In this notebook, we've processed raw developer commit data into model-ready examples through:

1. **Data Loading and Inspection**: Loaded the raw data, examined its structure, and identified data quality issues.

2. **Data Cleaning**: Handled missing values, removed duplicates, standardized text, and addressed outliers.

3. **Feature Engineering**: Created meaningful features from commit messages and metadata, including:
   - Text-based features: message length, word count, keyword counts
   - Time-based features: day of week, hour of day
   - Ratio-based features: insertion/deletion ratio

4. **Data Normalization**: Standardized numerical features to ensure they're on comparable scales.

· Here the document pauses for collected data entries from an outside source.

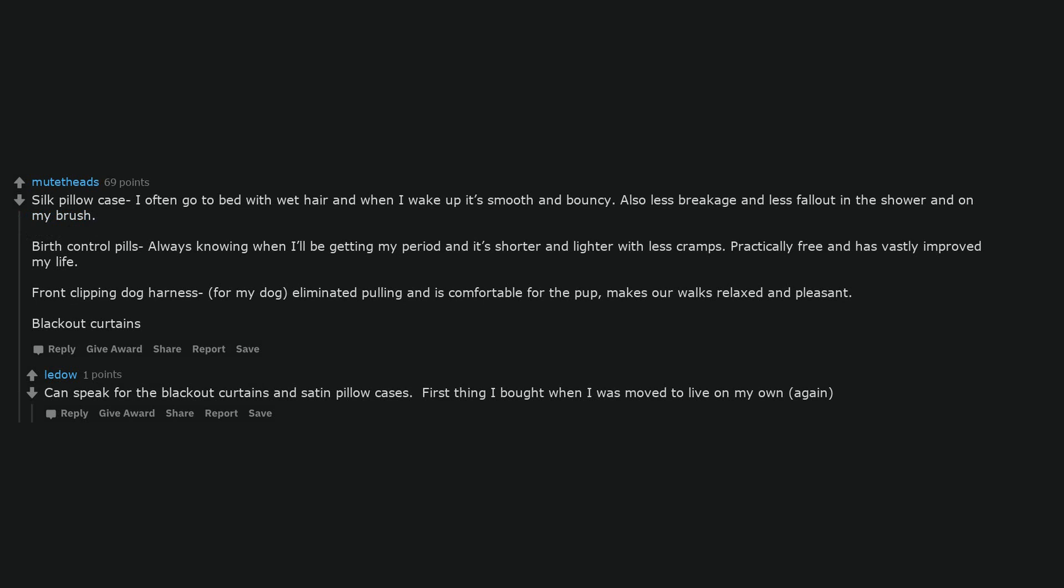Can speak for the blackout curtains and satin pillowcases. First thing I bought when I moved to live on my own again.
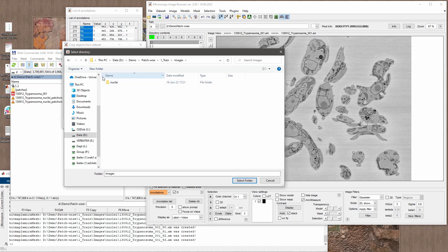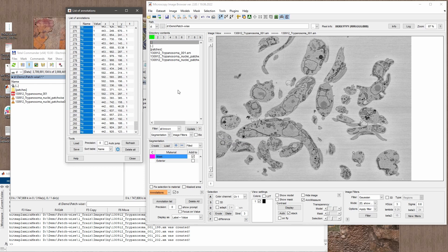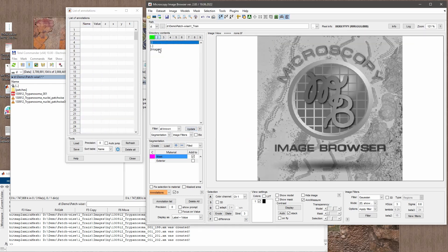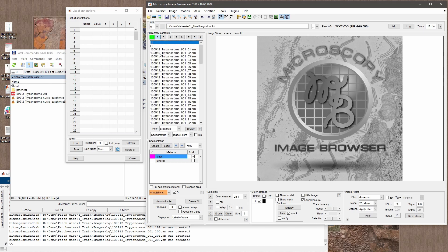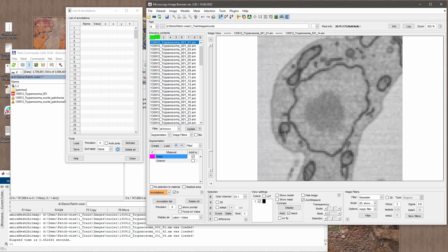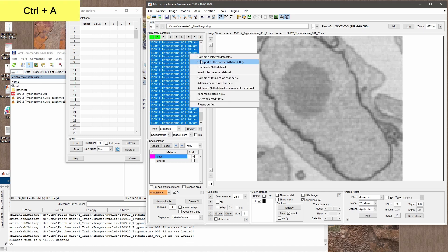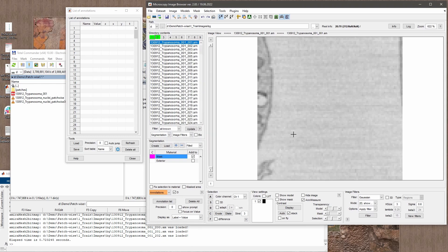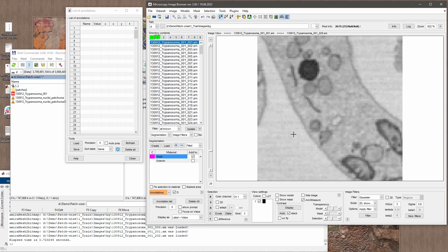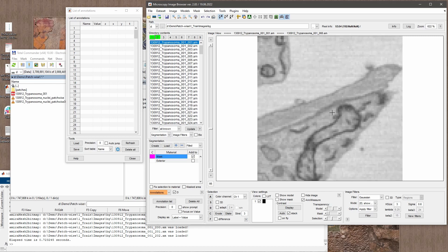It is also possible to crop 3D objects, but in this particular workflow we are working with 2D patches. After updating the view, if I go to the train images folder I have these two subfolders. Opening 'nuclei' shows examples of the patches cropped around the nucleus, and the same for 'bg' — these background patches are the different crops that will be used for training as the background class.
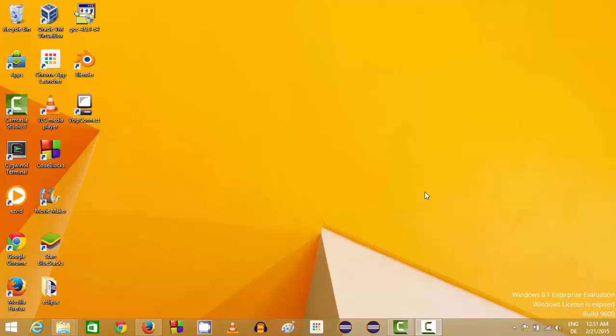In this video I'm going to show you how you can download and install NetBeans IDE on your Windows 8 or Windows 8.1 operating system. NetBeans IDE is an IDE, which stands for Integrated Development Environment, using which you can develop Java, PHP, C++, or many other programs related to Java.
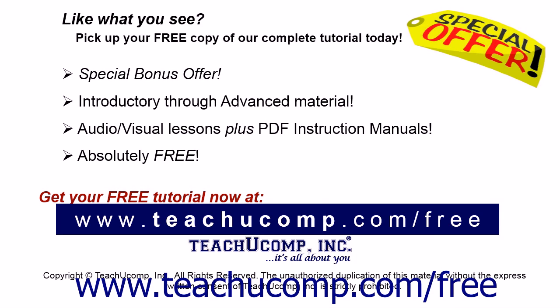Like what you see? Pick up your free copy of the complete tutorial at www.teachucomp.com/free.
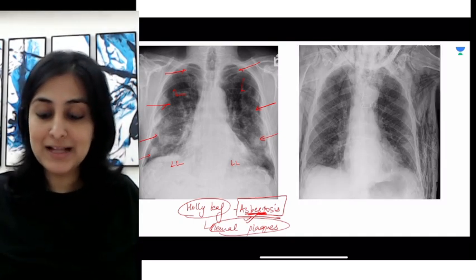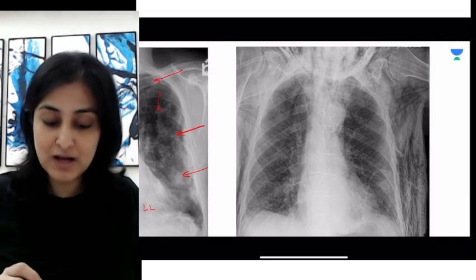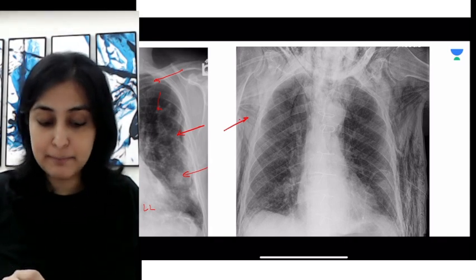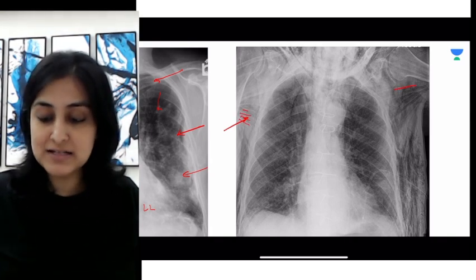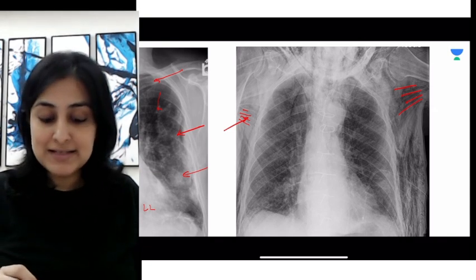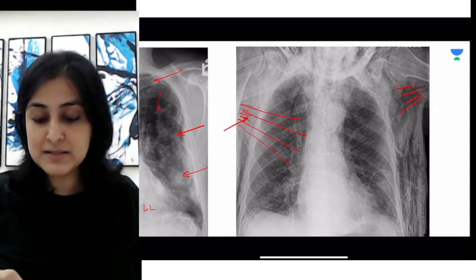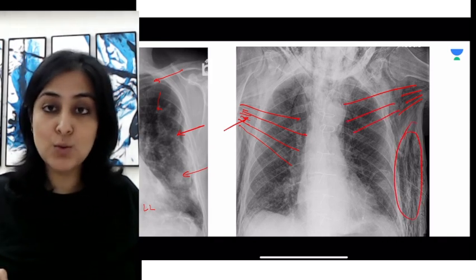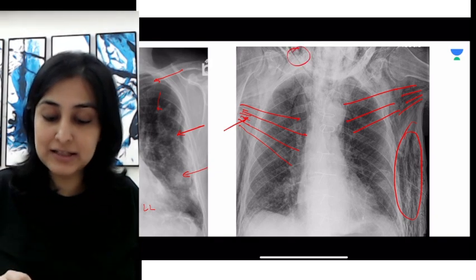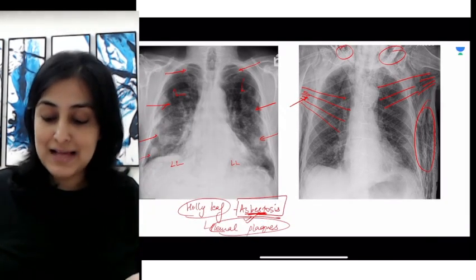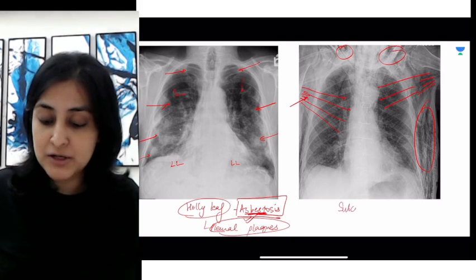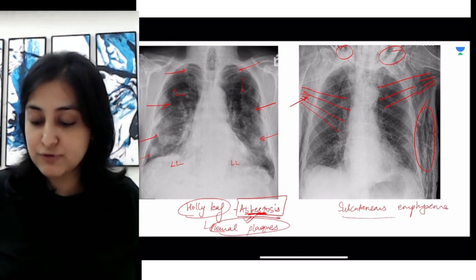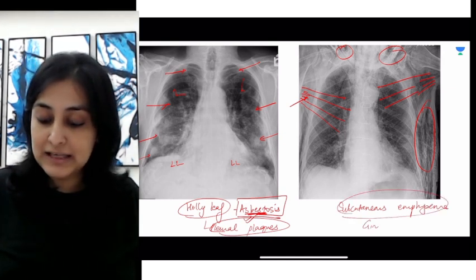In contrast, when we look at this particular radiograph, you can notice how instead of white opacities as seen with the holly leaf sign in asbestosis, these are black linear opacities — nothing but air. Air is radiating in a pattern along the pectoralis muscle. Apart from that, along the lateral chest wall in the subcutaneous plane and in the neck, you can also see air. This represents subcutaneous emphysema, and the leaf sign described for this is called the ginkgo leaf sign.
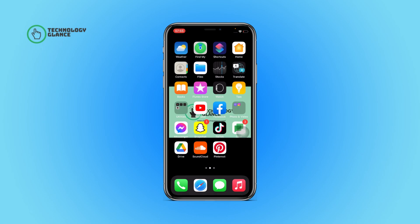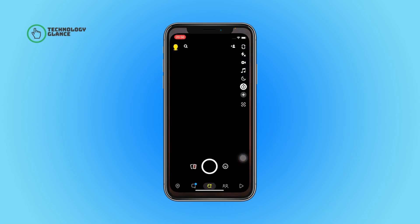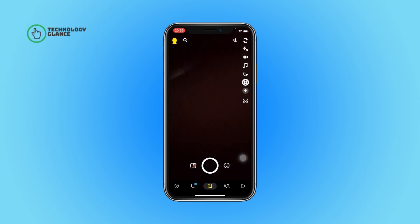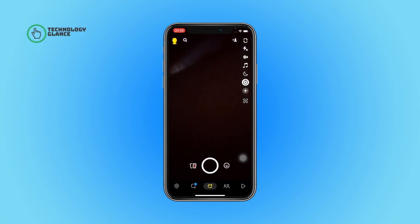First of all, open the Snapchat app on your device. After that, tap on the watch icon and select the timer you want. After that, tap on the set timer button — and that's it.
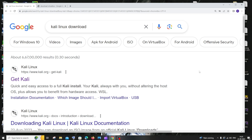Hi everyone. In this video I'll be showing you how to download and install Kali Linux in VirtualBox. Let's get started. First, let us begin with downloading Kali Linux, so just Google 'Kali Linux download'.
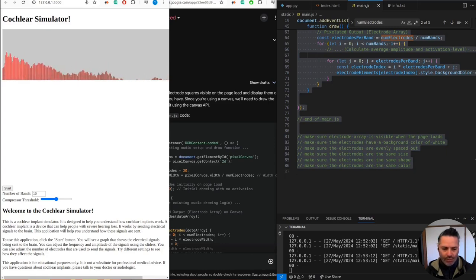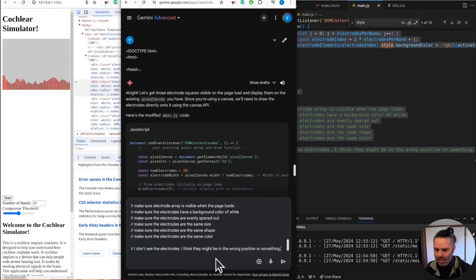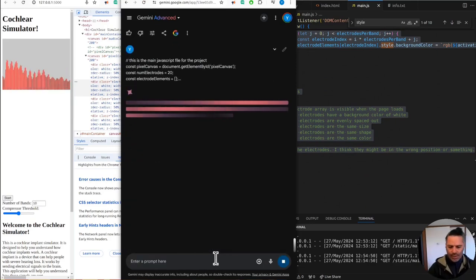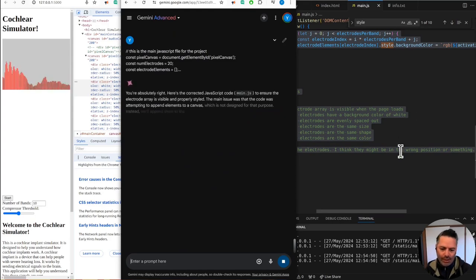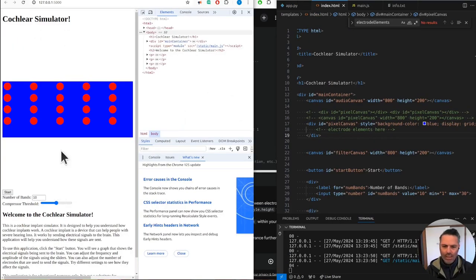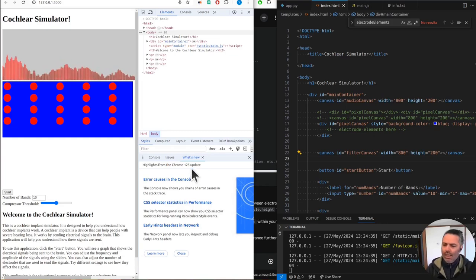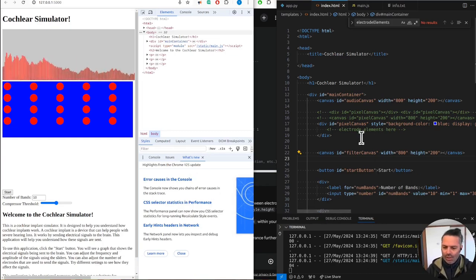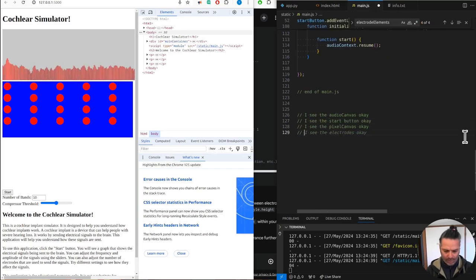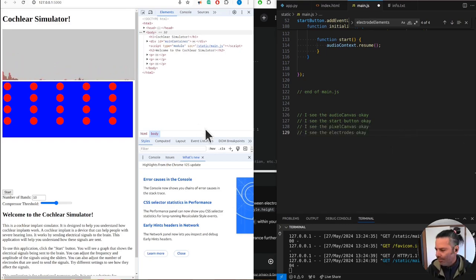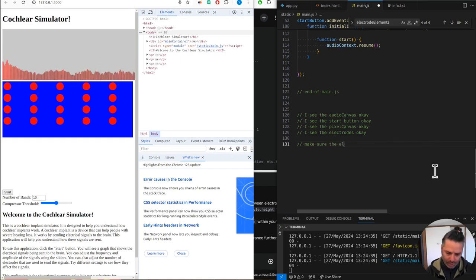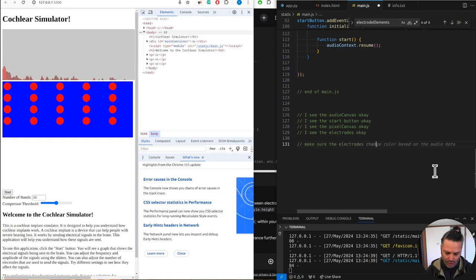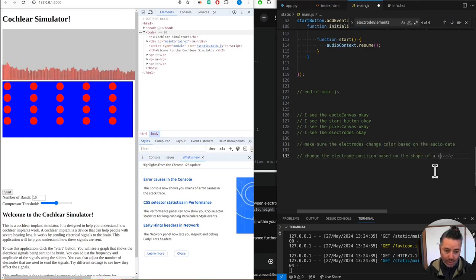We're using Gemini and GitHub Copilot. We could arrange the electrodes in a different structure, a shell-like structure. I see them, I see the electrodes. Okay, we need to make sure the electrodes change color based on the audio data.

5. **Train-Test Split**: Split the data into training and testing sets with stratification to maintain class distribution.

6. **Data Augmentation**: Applied SMOTE for class balancing when needed.

7. **Saved Processed Dataset**: Saved the final processed dataset and created a reusable preprocessing script.

The final dataset is now ready for modeling and contains engineered features that capture the essence of developer commit patterns.